--- START ---

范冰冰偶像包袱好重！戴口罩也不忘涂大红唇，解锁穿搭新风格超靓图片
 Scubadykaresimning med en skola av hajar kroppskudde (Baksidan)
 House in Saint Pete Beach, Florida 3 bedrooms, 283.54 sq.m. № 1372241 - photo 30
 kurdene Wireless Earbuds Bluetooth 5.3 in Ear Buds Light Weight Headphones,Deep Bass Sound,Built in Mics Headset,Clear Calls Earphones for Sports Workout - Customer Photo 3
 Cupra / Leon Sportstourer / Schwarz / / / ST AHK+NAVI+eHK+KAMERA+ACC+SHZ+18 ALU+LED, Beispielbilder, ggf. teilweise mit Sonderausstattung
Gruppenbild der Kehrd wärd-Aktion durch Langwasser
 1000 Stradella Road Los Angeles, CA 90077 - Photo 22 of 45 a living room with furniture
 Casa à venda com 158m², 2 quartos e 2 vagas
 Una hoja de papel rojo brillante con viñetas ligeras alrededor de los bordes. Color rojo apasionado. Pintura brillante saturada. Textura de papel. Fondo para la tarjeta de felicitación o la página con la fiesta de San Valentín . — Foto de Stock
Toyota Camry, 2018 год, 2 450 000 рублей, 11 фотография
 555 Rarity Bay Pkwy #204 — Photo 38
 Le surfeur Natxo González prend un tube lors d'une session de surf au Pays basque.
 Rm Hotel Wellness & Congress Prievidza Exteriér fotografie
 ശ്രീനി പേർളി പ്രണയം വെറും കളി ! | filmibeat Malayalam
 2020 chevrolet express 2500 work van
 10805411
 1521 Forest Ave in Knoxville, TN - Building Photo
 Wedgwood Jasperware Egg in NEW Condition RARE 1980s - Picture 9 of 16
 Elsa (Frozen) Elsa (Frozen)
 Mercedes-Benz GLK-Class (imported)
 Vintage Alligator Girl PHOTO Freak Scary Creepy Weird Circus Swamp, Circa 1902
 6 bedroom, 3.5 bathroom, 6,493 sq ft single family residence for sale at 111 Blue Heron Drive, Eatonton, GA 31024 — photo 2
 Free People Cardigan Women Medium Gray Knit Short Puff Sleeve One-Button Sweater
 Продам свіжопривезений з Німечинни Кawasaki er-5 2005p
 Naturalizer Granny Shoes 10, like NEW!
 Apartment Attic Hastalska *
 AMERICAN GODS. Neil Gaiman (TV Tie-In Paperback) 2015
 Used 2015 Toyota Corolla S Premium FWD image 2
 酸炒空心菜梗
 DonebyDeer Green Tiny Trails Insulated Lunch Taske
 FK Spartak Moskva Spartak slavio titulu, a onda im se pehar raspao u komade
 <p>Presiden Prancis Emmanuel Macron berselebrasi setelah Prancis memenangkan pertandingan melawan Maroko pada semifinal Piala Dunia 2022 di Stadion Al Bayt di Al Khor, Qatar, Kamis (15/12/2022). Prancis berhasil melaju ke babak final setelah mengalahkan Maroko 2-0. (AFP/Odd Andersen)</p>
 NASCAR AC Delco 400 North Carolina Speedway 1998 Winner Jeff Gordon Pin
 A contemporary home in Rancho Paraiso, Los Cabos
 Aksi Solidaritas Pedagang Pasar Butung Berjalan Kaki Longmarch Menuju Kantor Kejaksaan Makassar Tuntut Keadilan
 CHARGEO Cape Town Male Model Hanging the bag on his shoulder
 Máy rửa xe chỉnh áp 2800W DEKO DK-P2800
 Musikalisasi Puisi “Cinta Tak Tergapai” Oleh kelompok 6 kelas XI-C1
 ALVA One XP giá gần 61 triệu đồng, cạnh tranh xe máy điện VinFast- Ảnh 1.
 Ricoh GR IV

--- END ---

From the first line of the listing above through the line that contains "Gruppenbild der Kehrd", retype every line exactly, and write nothing else.

范冰冰偶像包袱好重！戴口罩也不忘涂大红唇，解锁穿搭新风格超靓图片
 Scubadykaresimning med en skola av hajar kroppskudde (Baksidan)
 House in Saint Pete Beach, Florida 3 bedrooms, 283.54 sq.m. № 1372241 - photo 30
 kurdene Wireless Earbuds Bluetooth 5.3 in Ear Buds Light Weight Headphones,Deep Bass Sound,Built in Mics Headset,Clear Calls Earphones for Sports Workout - Customer Photo 3
 Cupra / Leon Sportstourer / Schwarz / / / ST AHK+NAVI+eHK+KAMERA+ACC+SHZ+18 ALU+LED, Beispielbilder, ggf. teilweise mit Sonderausstattung
Gruppenbild der Kehrd wärd-Aktion durch Langwasser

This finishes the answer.